Lo zio di Edward, Sigmund, aveva ipotizzato cioè l’esistenza del subconscio. Lo avrete già capito: Sigmund era il dott. Freud e, il nipote utilizzando i suoi studi, ideò nientepopodimeno che… la pubblicità! Lui la chiamò “ingegneria del consenso”, una sorta di ipnosi di massa che aveva lo scopo di modificare le abitudini di acquisto e consumo andando proprio ad influenzare il subconscio. La prima campagna pubblicitaria di Bernays avvenne nel 1929, quando i proprietari della marca di sigarette Lucky Strike lo contattarono perché inventasse qualcosa che potesse conquistare il mercato femminile. Infatti, all’epoca fumare era considerato un tabù per una donna rispettabile. Che fece Bernays? Legò il gesto del fumare in pubblico ad un messaggio emotivo che investiva il subconscio, trasformandolo in una nuova specie di comando irresistibile se l’individuo che lo riceve non sa come resistergli. Ingaggiò delle giovani e belle donne e diede loro delle sigarette da accendere platealmente durante la famosissima (allora) sfilata di Pasqua di New York del 1929. Nel frattempo, informò in anticipo la stampa, presentando l’evento come una coraggiosa dimostrazione di emancipazione femminile, riferendosi alle sigarette come «Torce della libertà». L’indomani la notizia venne pubblicata a livello nazionale e, ovviamente, la pubblicità raggiunse l’effetto voluto. Quella che sembra oggi una semplice trovata pubblicitaria al tempo provocò un profondo cambiamento culturale. Non a caso la rivista Life ha inserito Bernays nella lista dei 100 uomini americani più influenti del XX secolo. Certo, il nipote di Freud fu il fondatore di una nuova scienza, che è andata davvero sempre evolvendosi fino ai giorni nostri. Pensate per esempio che il meccanismo che sta alla base del grande successo dei social addirittura è legato allo stimolo della produzione di alcuni neurotrasmettitori come fanne le droghe, la dopamina.
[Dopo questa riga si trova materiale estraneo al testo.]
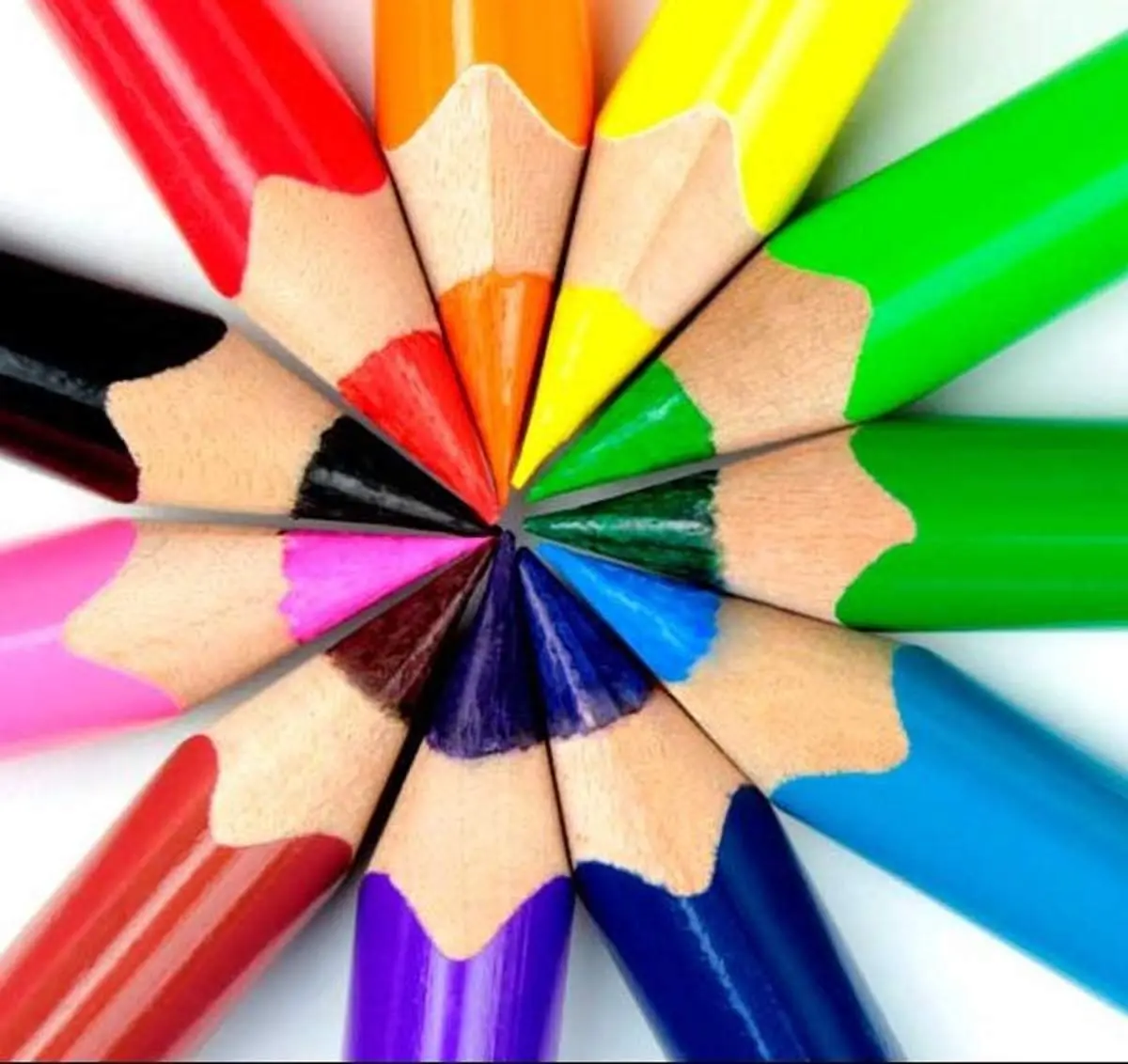 روانشناسی رنگ ها در زندگی افراد را بدانید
Che si tratti di pubblicità, di social o simili, tutte queste tecniche hanno alla base un denominatore comune: attraggono la nostra attenzione.
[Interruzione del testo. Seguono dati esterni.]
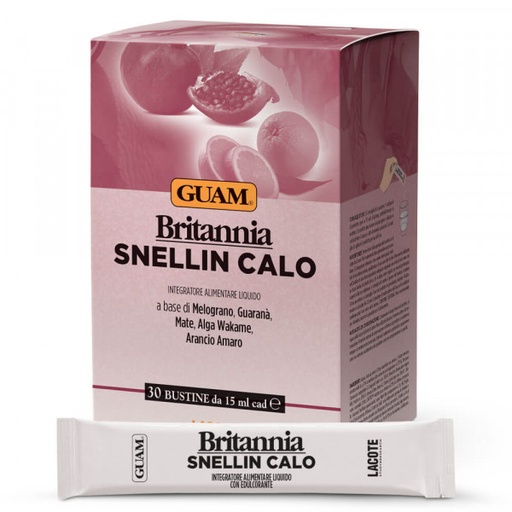 BRITANNIA SNELLIN CALO 30 BUSTINE DA 15ML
Ecco il punto fondamentale, la nostra attenzione.  Queste tecniche funzionano perché semplicemente noi non ne siamo in possesso in modo cosciente. Eppure, l’attenzione è davvero una facoltà a fondamento della psiche. Tutti vorremo avere più memoria, essere più intelligenti. Questo è possibile se capiamo che tutte le altre facoltà mentali dipendono dall’attenzione. Nel prossimo articolo ne parleremo ancora più approfonditamente per capire come sia possibile entrare in possesso della nostra psiche ed ampliare la nostra coscienza.

 

Stefania

Ricordiamo che questo blog nasce con l’intento di affrontare argomenti che riguardano l’erboristeria, la respirazione, l’alimentazione e gli altri esposti nella presentazione. Sottolineiamo quindi che le informazioni ivi contenute sono presentate solo a scopo informativo, in nessun caso possono costituire la formulazione di una diagnosi o la auto-prescrizione di un trattamento, e non intendono e non devono in alcun modo sostituire il rapporto diretto medico-paziente, la visita specialistica e la consulenza di un esperto, dalle quali non si può mai prescindere.